# eşoleşek



## evillgouki

Hello,
I watched a Turc movie and the main character is always saying "eşoleşek".
I guess it's not very nice, but anyone can give me a transaltion of this word ( in French if possible  )?

Thanks.


----------



## mighty_atlas

Offspring of a donkey


----------



## themadprogramer

It's actually "eşek oğlu eşek". Just shortened.


----------



## ancalimon

mighty_atlas said:


> Offspring of a donkey



Where did you get "offspring"? 

It's just "son of a donkey"

eşek: donkey
oğul: son

"oğlan" in the past (probably before Ottoman Empire) did not mean "son" but meant "children".


----------



## Rallino

Everyone seems to have given the literal translation, which is good but doesn't give an idea as to why and in what meaning this expression is really used.

_Eşek oğlu eşek_, pronounced "_eşşoğleşşek" _or _"eşşoğlu eşşek"_ can be translated as _bastard, asshole _or _son of a bitch_ depending on the tone.


----------



## evillgouki

Thank you guys 
BTW it's in the famous Turc movie Sakar şakir


----------



## themadprogramer

Well Eşek is a little insult in Turkish.

Well not just Eşek various animals such as: Ayı (Bear), Öküz(Ox), Eşek(Donkey), Şıçan(Rat)...

Donkeys are an animal with several characteristics that make them insult-worthy.
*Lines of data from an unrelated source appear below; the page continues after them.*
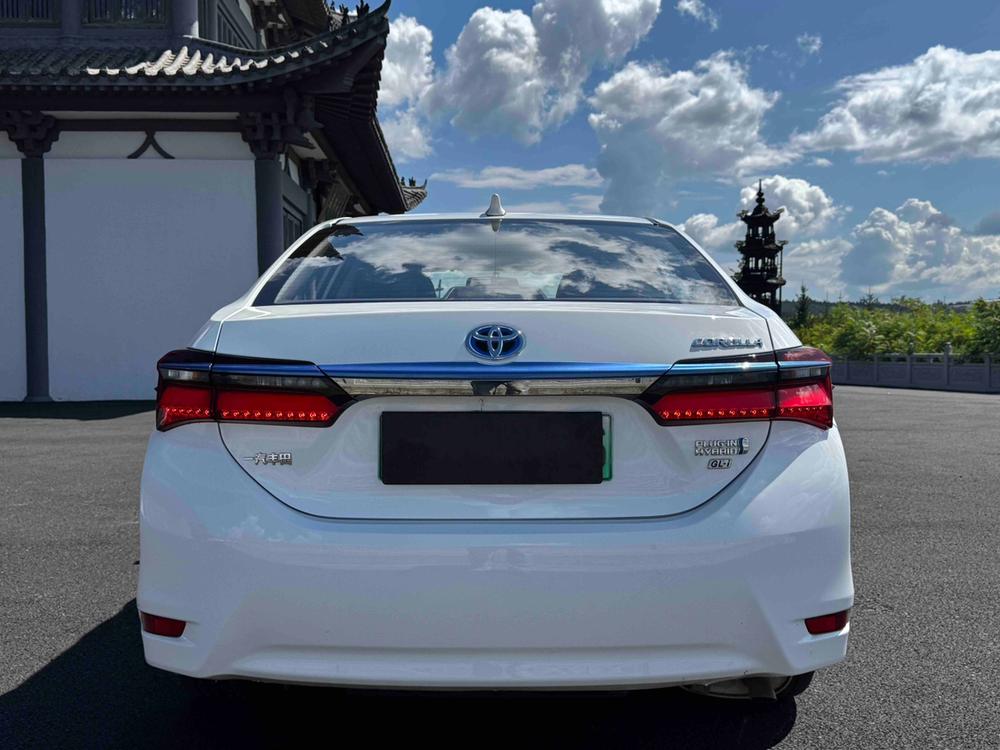 Toyota Corolla Hybird E+ 2021 image de voiture #5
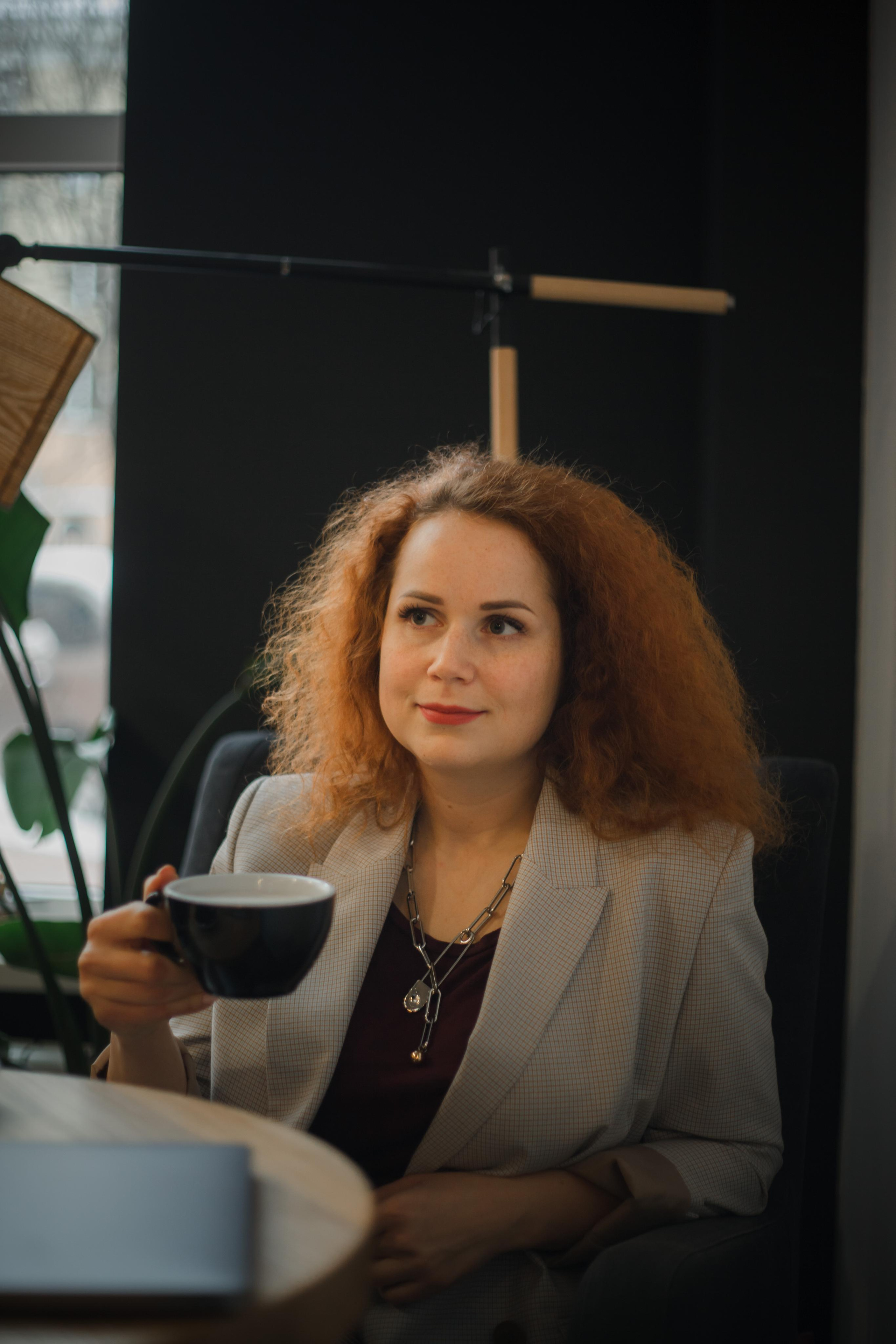 Имиджевая фотосерия для создателя SMM Агентства. Ваш фотограф Любовь Чистякова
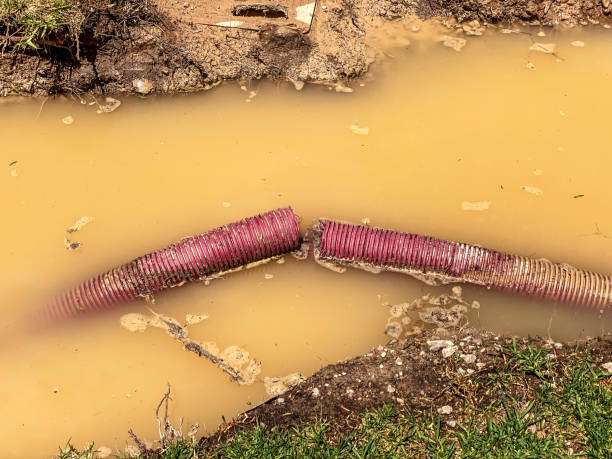Sewage cleanup and water damage restoration in ME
For instance how they "hee-haw", smell dirty.
Most generally calling someone "eşek" means that you consider something or several things that they did to be animal-like (possibly deviant or greedy).

So like you'd call someone a "Son of a (Insert desired insult word of choice here)", you can call them "A donkey that's a son of a donkey".

Oh and evill it's "Turk" not "Turc" or "Turq" like French .


----------